**What this task involves**
Take the line with "Dining Room, White-1261910358" and every line after it in the entries below, and set them down exactly, without any pictures.

**Excerpted records**
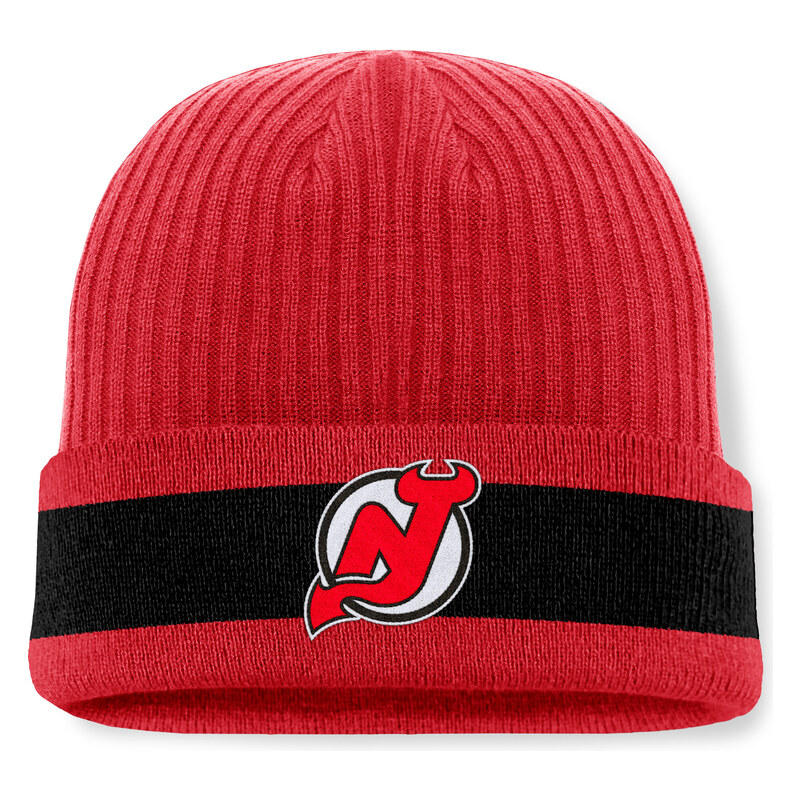 Fanatics Pánská zimní čepice New Jersey Devils NHL A/CAP Beanie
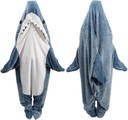 Shark Blanket Hoodie Onesie, Shark Onesie Adult, Shark Schlafsack für Erwachsene (XXL)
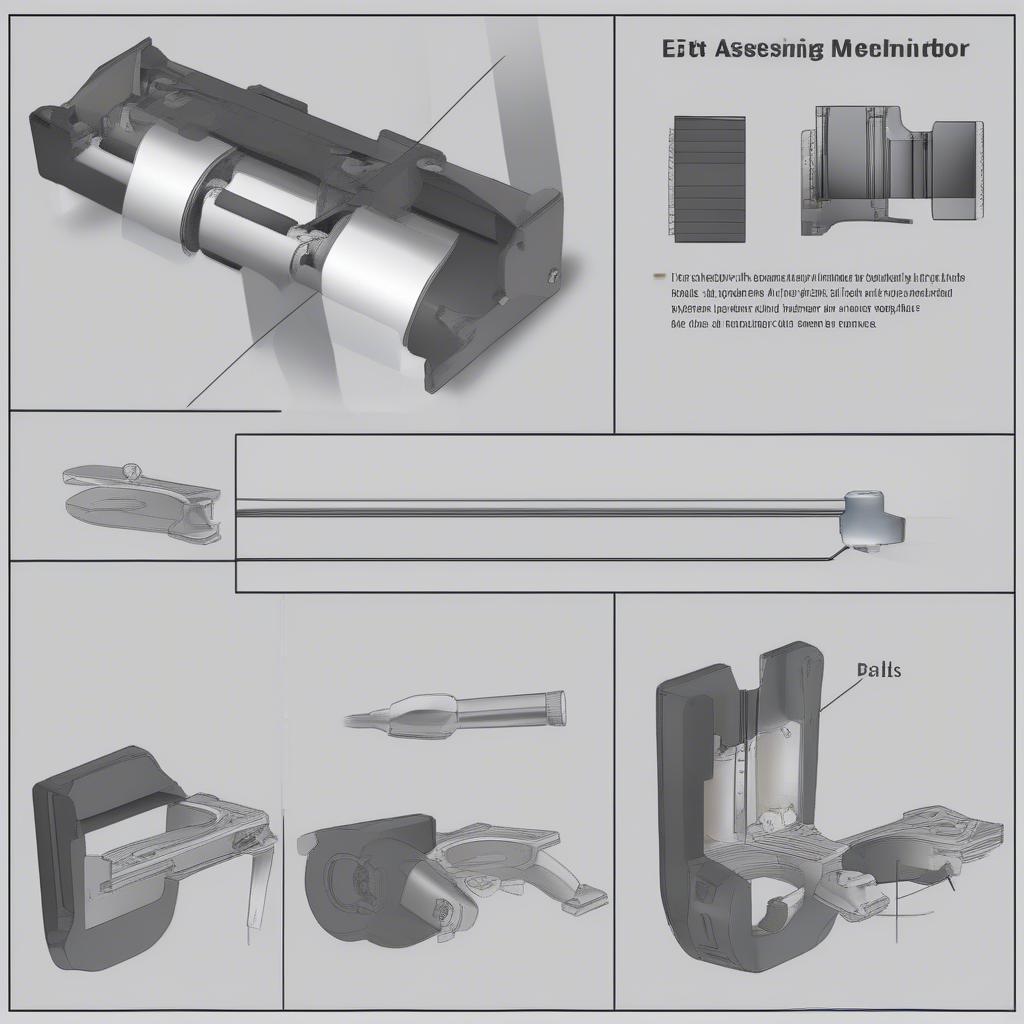 Montage eines mechanischen Riemenschlosses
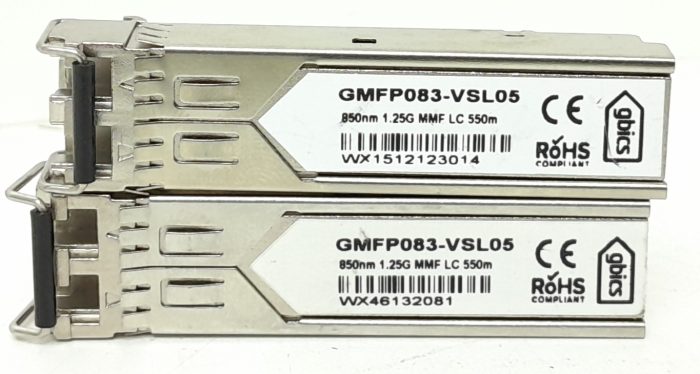 Transreceiver Modules 850nm 1.25G MMF LC 550m GMFP083-VSL05 - x2 - Image 2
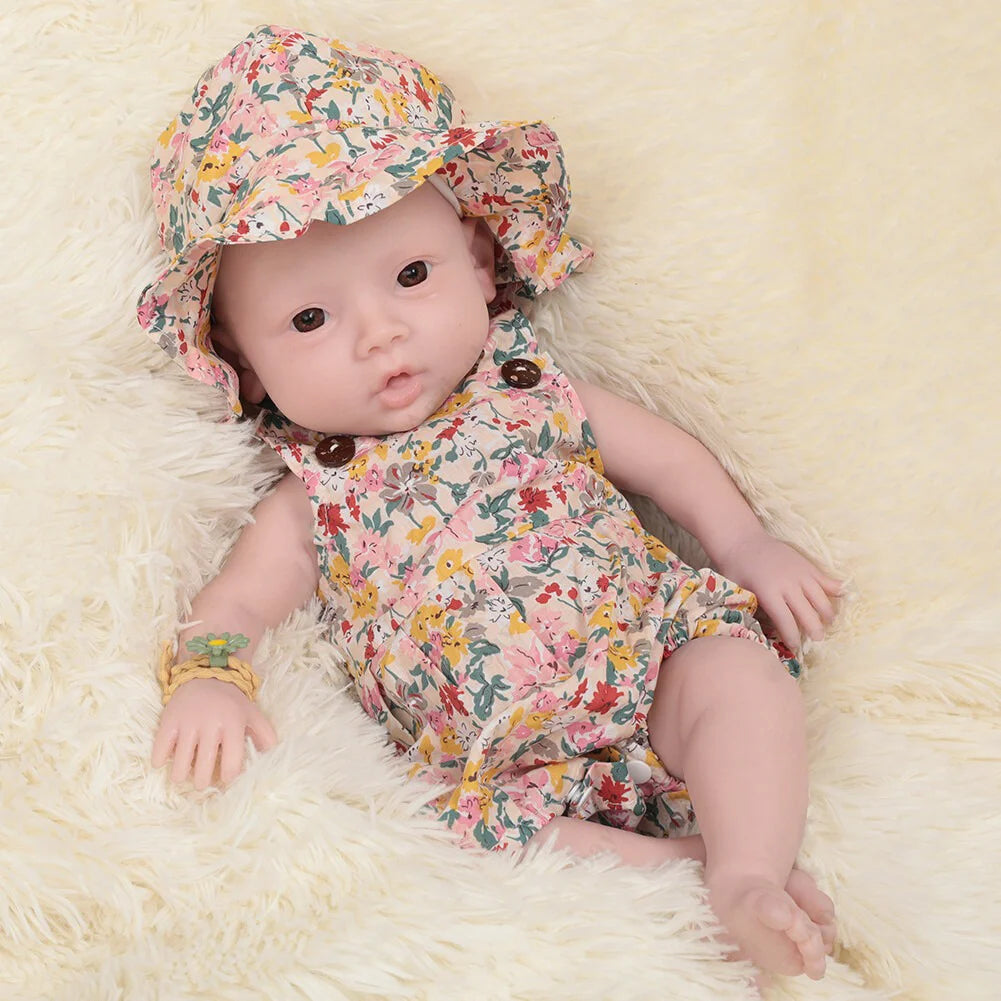 18.5-inch 3000g Realistic Silicone Reborn Baby Doll 100% Silicone Newborn Girl Toy for Children's Doll Collection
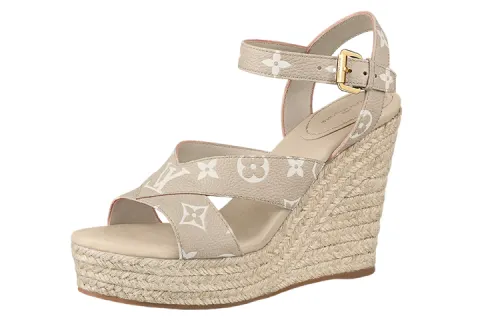 LOUIS VUITTON Sandal Women's Beige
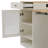 59.5" Kitchen Island With Extendable Dining Table, Kitchen Storage Table With Double-Sided Storage, Kitchen Island With 2 Drawers, Power Outlet, Side Open Shelves, For Kitchen, Dining Room, White-1261910358
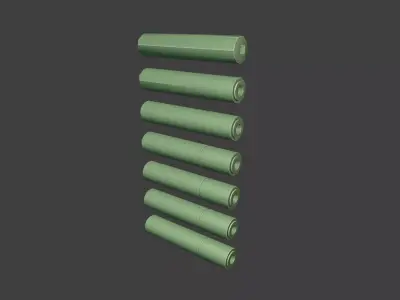 AUG Arms QD Suppressor Low-poly 3D model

**Output below**
 59.5" Kitchen Island With Extendable Dining Table, Kitchen Storage Table With Double-Sided Storage, Kitchen Island With 2 Drawers, Power Outlet, Side Open Shelves, For Kitchen, Dining Room, White-1261910358
 AUG Arms QD Suppressor Low-poly 3D model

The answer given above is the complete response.